- Dataset excerpt -

* * *

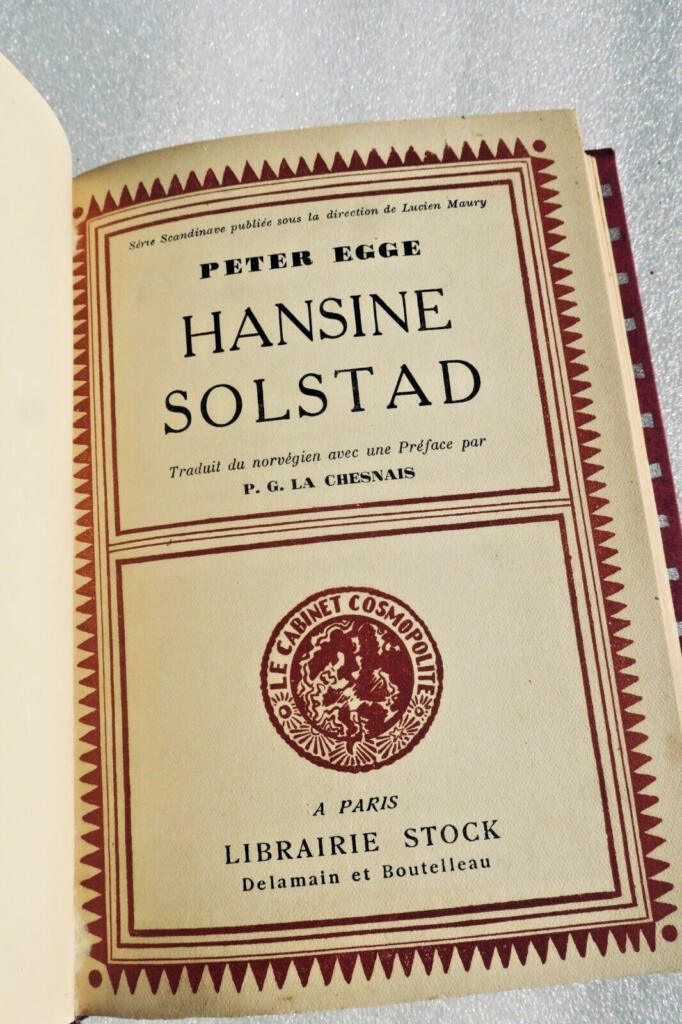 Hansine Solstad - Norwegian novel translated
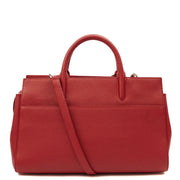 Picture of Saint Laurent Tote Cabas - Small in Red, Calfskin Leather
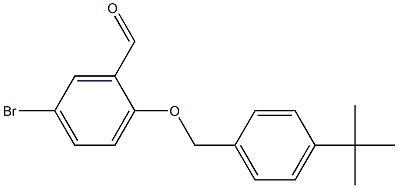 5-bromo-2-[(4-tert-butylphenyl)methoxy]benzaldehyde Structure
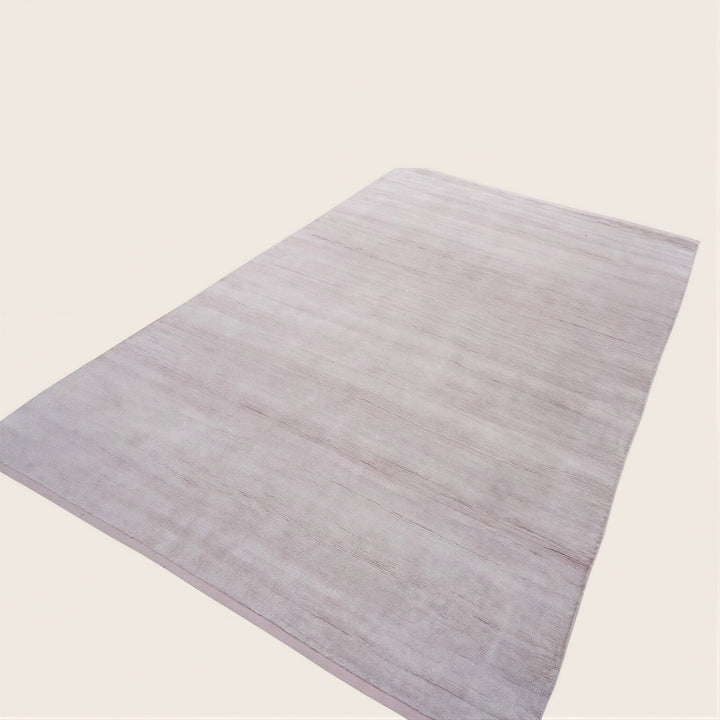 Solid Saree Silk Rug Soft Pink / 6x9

* * *

- What the task requires -
Only the lines from the one containing "Picture of Saint" to the end of the listing belong in the answer, exactly as they stand and with no pictures.

- Answer for this exercise -
 Picture of Saint Laurent Tote Cabas - Small in Red, Calfskin Leather
 5-bromo-2-[(4-tert-butylphenyl)methoxy]benzaldehyde Structure
 Solid Saree Silk Rug Soft Pink / 6x9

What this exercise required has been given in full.